* Goal of the exercise: Leave out the pictures and retype all the entries below exactly.

* Source data:
┄┄┄┄┄┄┄┄┄┄┄┄┄┄┄┄┄┄┄┄

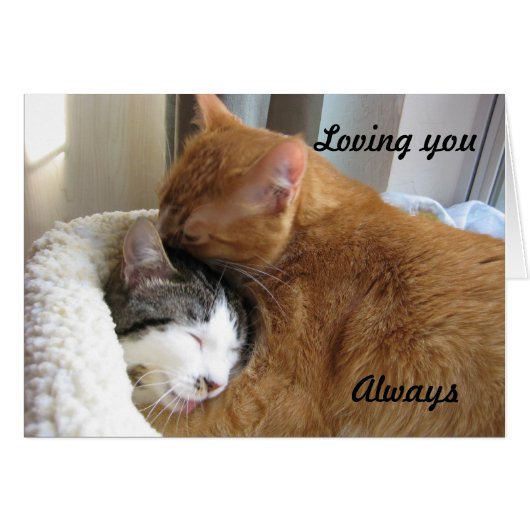 Loving you, Always 036 Cards (Front Horizontal)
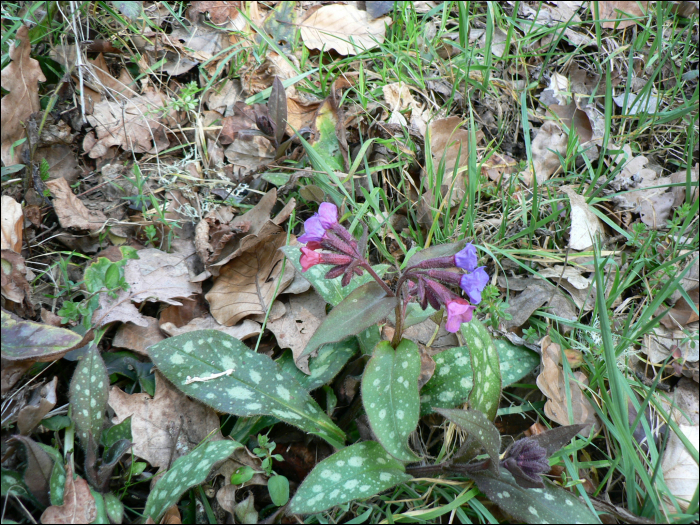 Pulmonaria affinis Jord.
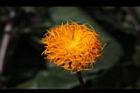 紅鳳菜-花15.JPG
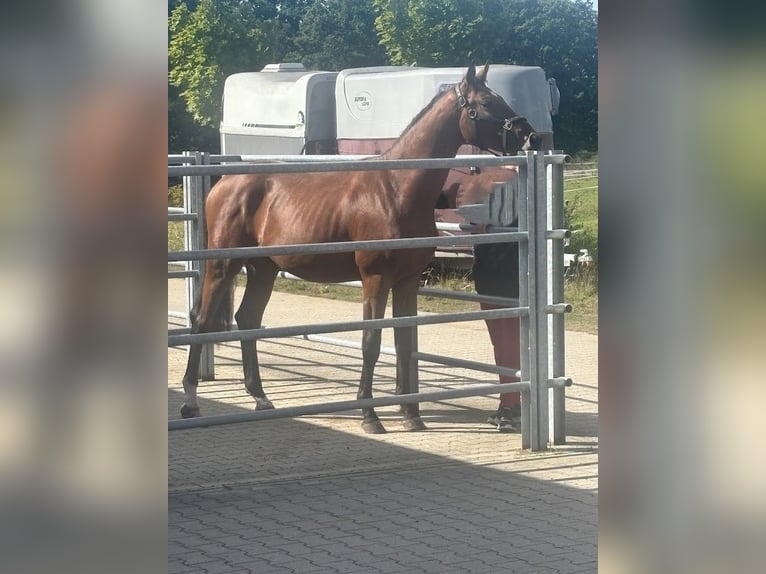 Hannoveraner Hengst 3 Jahre 165 cm Brauner in Burgstädt
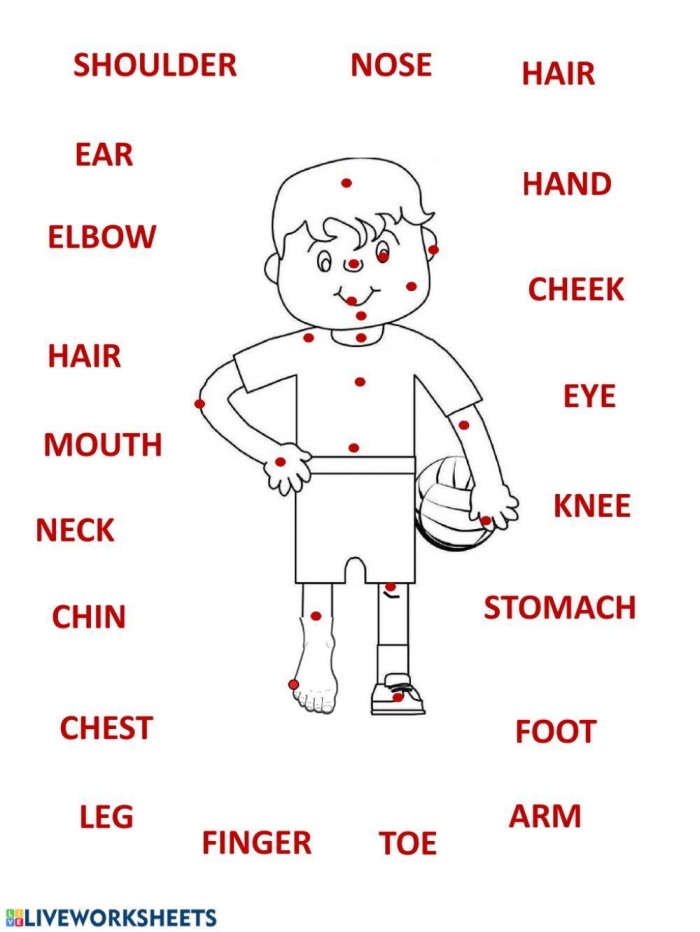 Kindergarten student worksheet for labeling human body parts with alphabet practice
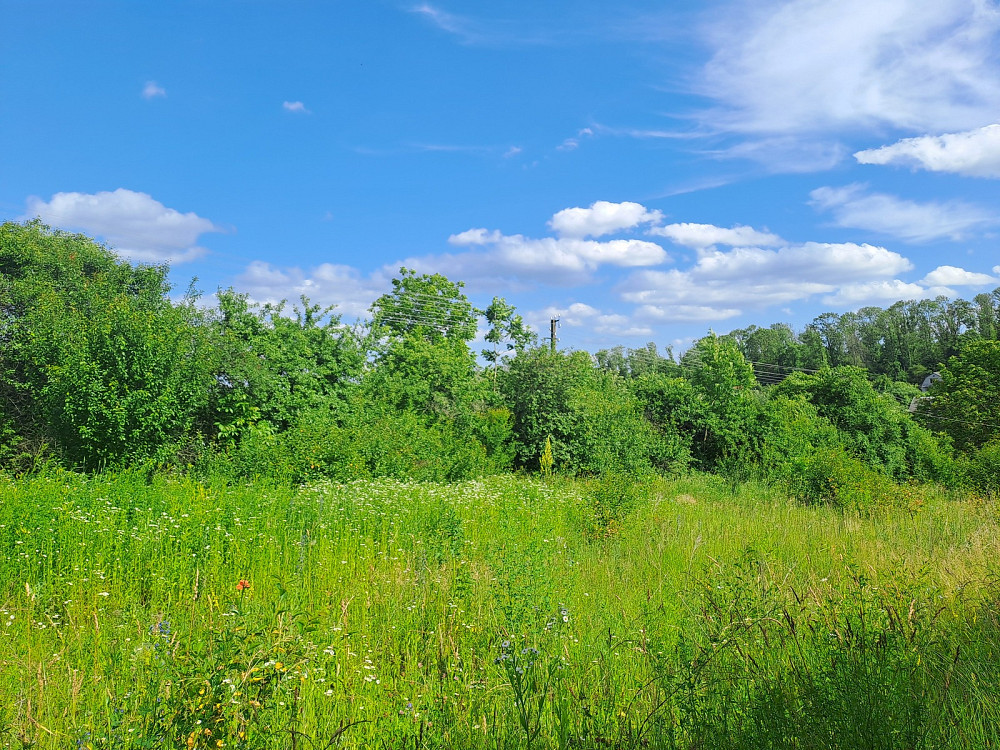 Продаж земельної ділянки 11 соток Pidhorodne - photo 9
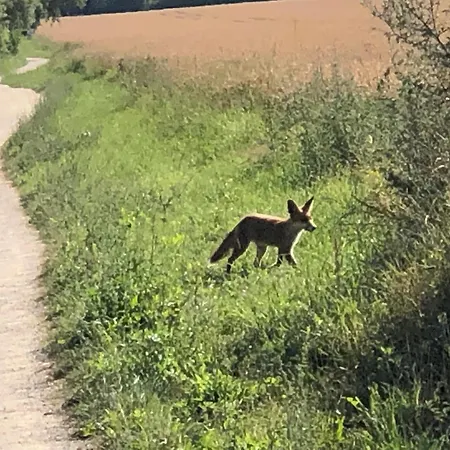 Ferienwohnungostseeblick * Börgerende-Rethwisch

┄┄┄┄┄┄┄┄┄┄┄┄┄┄┄┄┄┄┄┄

* Finished task:
 Loving you, Always 036 Cards (Front Horizontal)
 Pulmonaria affinis Jord.
 紅鳳菜-花15.JPG
 Hannoveraner Hengst 3 Jahre 165 cm Brauner in Burgstädt
 Kindergarten student worksheet for labeling human body parts with alphabet practice
 Продаж земельної ділянки 11 соток Pidhorodne - photo 9
 Ferienwohnungostseeblick * Börgerende-Rethwisch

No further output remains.